The Challenge
Ace in the City is a youth outreach nonprofit serving South Minneapolis, originally founded as Ace Hoops — a basketball mentoring program. As the organization grew beyond basketball into broader community development, they needed a web presence that reflected who they’d become. The site had to connect with two very different audiences: donors and church partners who fund the work, and the young people and families in the neighborhoods they serve. The typical nonprofit template — stock photography, muted tones, a donate button — wouldn’t capture the energy and heart of this organization.
Approach
Working within an agency team under creative direction, I handled the illustration, visual design, and responsive frontend development. The core design decision was to build the entire visual identity around custom illustration. Every element — the cityscape header, the character figures, the location scenes, the donation icons — was hand-drawn to create a world that felt warm, specific, and unmistakably theirs.
The illustration style was deliberately inclusive and joyful. The characters represented the diversity of the South Minneapolis community without relying on photography that could feel staged or tokenizing. Hand-lettered headings gave each section its own voice while maintaining cohesion across the site.
Solution
The site was structured as a series of long-scroll pages, each built around alternating content bands with distinct color palettes — teal for mission and history, green for community and action, warm earth tones for the Juárez Mexico partnership. Parallax animation layered the illustrated cityscape and characters against the content, giving the site depth and movement as users scrolled.

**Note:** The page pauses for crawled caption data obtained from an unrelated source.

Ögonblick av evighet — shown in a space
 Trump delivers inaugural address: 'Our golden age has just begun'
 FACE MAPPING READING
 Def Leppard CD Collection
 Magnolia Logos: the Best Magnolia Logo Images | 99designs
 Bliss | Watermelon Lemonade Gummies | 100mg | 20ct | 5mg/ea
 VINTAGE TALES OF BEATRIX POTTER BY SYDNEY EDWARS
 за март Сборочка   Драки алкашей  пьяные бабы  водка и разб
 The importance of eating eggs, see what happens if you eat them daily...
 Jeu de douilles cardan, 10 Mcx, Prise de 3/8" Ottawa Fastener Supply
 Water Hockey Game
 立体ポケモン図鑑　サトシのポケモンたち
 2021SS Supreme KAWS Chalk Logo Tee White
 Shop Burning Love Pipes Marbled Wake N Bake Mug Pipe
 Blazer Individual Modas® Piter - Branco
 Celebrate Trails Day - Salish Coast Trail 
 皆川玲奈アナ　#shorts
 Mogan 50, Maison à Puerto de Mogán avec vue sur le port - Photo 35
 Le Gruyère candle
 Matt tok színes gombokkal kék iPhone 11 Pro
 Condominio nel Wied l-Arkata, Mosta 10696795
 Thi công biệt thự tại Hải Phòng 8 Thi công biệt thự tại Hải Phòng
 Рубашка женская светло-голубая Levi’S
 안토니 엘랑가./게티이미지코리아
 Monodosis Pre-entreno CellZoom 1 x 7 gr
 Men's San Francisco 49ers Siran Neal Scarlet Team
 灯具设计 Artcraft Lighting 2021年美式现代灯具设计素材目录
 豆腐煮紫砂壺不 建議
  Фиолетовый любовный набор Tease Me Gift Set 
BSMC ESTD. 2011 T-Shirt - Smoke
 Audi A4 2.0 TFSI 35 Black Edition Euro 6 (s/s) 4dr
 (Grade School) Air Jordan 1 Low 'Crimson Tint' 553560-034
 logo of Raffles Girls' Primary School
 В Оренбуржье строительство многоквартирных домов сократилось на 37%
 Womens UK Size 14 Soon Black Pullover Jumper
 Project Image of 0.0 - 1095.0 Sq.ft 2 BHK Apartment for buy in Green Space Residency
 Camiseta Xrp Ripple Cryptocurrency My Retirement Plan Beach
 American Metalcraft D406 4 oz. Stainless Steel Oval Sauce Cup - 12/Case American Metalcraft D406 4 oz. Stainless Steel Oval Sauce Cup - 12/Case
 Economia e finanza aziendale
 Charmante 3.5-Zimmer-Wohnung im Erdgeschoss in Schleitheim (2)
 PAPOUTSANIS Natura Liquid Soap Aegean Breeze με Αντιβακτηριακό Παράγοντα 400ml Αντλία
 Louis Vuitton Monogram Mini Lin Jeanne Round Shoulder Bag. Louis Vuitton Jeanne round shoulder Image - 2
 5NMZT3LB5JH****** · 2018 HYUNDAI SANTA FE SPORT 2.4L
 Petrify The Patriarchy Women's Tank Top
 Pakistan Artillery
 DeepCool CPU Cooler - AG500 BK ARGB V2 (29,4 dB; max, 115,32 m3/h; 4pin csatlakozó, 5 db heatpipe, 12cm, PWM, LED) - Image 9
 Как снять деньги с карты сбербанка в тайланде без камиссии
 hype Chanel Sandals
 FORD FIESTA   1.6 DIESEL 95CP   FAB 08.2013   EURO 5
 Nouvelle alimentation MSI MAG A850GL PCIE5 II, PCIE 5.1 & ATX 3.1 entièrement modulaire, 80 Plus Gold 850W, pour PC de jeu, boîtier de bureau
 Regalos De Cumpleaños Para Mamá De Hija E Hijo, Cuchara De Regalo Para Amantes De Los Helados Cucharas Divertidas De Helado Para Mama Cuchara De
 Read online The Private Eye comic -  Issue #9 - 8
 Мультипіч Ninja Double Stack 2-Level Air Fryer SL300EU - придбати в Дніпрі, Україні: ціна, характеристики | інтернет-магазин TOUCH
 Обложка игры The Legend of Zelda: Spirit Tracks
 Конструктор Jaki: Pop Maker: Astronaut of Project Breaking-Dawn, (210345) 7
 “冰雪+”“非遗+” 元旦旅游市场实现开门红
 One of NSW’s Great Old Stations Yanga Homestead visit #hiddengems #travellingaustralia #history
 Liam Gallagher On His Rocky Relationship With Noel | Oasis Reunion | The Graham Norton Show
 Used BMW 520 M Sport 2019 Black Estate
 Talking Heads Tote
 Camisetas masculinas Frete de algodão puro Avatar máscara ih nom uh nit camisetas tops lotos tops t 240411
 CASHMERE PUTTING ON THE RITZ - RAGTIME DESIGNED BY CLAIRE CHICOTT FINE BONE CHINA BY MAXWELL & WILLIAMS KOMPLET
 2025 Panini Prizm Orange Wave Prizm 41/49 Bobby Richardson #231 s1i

Each page opened with an embedded video paired with illustrated framing and hand-lettered headings, setting the narrative tone immediately. The typography mixed custom hand-lettering for section titles with clean sans-serif body text — readable without losing personality.

The team section was a design challenge: how do you present real people within a heavily illustrated world without it feeling jarring? I framed the staff photos within illustrated polaroid-style containers surrounded by the character artwork, so the photography felt like windows into the real world rather than a break from the design language.
The donation section translated giving into tangible outcomes through illustrated icons — $50 provides a day of food, lodging, and transportation; $100 supplies arts and crafts materials; $250 provides materials for a “fiesta.” Making the impact visual and specific lowered the barrier to giving.

Results
The site was recognized as an Awwwards Site of the Day, validating the approach that a nonprofit site can be joyful and illustrative without sacrificing credibility or usability. The visual language I developed became a core part of Ace in the City’s brand identity, extending into their print materials, social media, and community communications. The illustrated style gave them something no stock-photo nonprofit site has — instant recognition.